今回の王都では、自分よりも強者に会う機会が多く刺激を受ける場面が多かった。今後は、また少しでも強くなってアルファードに追いつける位になりたいなと思う。



会場からは、観客達も帰り始めて救国の英雄の面々がレン達の所にやってきていた。


「目が覚めたか!楽しかったぜ、レン」


とアルファードが手を差し出してきたのでレンはそれを握り返す。


「ありがとうございます!もっと強くなるんでまた戦ってください」


大きな目標が出来たなと思いながらレンは、答える。


「ああ、俺を超えてくれるのを楽しみにしてるぜ」


「レン殿ー!後で私と戦いしましょう!いや〜楽しみにしてますよぉ!」


とハルカが嬉しそうに言ってくる。


「ヒェッ」


と言葉をレンは漏らす。


「結構、根性があるじゃないか!体術に興味が有れば私が鍛えてあげるよ?」


と聖女ネーヴァンが言ってくる。


「それは、ありがたいですね」


苦笑いで答えておく。


「全く、結界が何度壊れかけたか……疲れたよ」


とため息を吐きながらカラミィが言う。確かにアルファードの攻撃は良く効いていたように感じた。

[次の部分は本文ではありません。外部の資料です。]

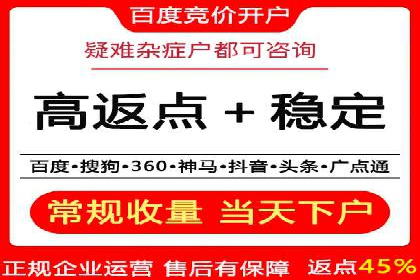 百度竞价SEM深度解析：某行业成功推广经验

「本当にフェレンスでのレンが嘘みたいに強いわね。ハルカよりも強いんじゃない?」


とフィレンが言う。


「そうですかね?」


「後で試すとしましょう!」


ハルカと戦うのが確定してしまいそうだ。



「まぁ、とりあえずお疲れ様ってことだ。俺達、救国の英雄は、お前達みたいな未来ある若者に会えてとても嬉しい。これからも強くなれよ!」


とアルファードが締めるのだった。


「はい!」


とレンは答えるのだった。




「来年位には勝ちたいな」


レンは呟く。


「それまできっと色々なことが立ち塞がるよね」


エリアスが言う。


「これは、私達も置いていかれないように鍛えないとね!」


ルティアが気合を入れる。


「そうだね。私もこれから師匠の所に行って鍛えてこよう!」


ミラもやる気十分だ。



武道大会の閉幕した会場を4人は後にしながら、強くなるために気持ちを新たにするのだった。